Este enfoque llevó al verificacionismo a rechazar rotundamente afirmaciones propias de campos como la metafísica, la teología, la ética normativa o la estética, pues todas ellas hacen proposiciones que, según los verificacionistas, no pueden ser comprobadas ni a través de los sentidos ni mediante operaciones lógicas. A juicio del positivismo lógico —corriente filosófica que dio origen al verificacionismo—, tales afirmaciones pueden tener valor emocional, expresivo o simbólico, pero no pueden considerarse científicas ni racionales en sentido estricto.
El verificacionismo fue, de hecho, la tesis central del Círculo de Viena, un influyente grupo de pensadores del positivismo lógico que buscaba limpiar el lenguaje de la ciencia de toda ambigüedad metafísica. No obstante, con el tiempo, incluso los propios representantes de esta corriente reconocieron que el criterio de verificabilidad era demasiado rígido y que muchas afirmaciones útiles —incluso en ciencias empíricas— no podían ser verificadas directamente, sino solo confirmadas parcialmente o falsadas.

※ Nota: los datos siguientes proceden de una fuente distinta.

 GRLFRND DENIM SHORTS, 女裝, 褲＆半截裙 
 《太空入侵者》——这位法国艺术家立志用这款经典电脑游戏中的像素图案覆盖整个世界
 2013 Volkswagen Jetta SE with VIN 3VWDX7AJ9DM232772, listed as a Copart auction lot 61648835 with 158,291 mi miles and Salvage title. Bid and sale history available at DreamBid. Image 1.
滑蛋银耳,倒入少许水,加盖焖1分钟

A pesar de sus límites, el verificacionismo dejó una huella decisiva en la filosofía de la ciencia. Nos obligó a pensar críticamente sobre qué entendemos por conocimiento válido, cómo diferenciamos lo científico de lo especulativo y cuál es el papel del lenguaje en la construcción de la verdad. En cierto modo, el legado del verificacionismo no está en su dogmatismo original, sino en el desafío que nos plantea: ¿cómo sabemos que lo que decimos tiene sentido? ¿Qué criterios usamos para darle valor de verdad a una afirmación? ¿Y cómo podemos distinguir entre lo que puede ser conocido y lo que solo puede ser creído?

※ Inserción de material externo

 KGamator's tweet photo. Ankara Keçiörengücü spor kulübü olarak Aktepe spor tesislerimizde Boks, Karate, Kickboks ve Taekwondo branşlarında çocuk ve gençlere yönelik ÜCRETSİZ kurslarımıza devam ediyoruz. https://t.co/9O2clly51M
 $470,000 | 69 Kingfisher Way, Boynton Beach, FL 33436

En tiempos donde abundan las opiniones sin fundamento, las posverdades y los discursos emocionales disfrazados de hechos, recuperar la exigencia crítica del verificacionismo puede ser un ejercicio saludable. No para excluir todo lo que no pueda probarse, sino para recordar que el pensamiento riguroso comienza cuando nos preguntamos: ¿cómo sabemos lo que decimos que sabemos?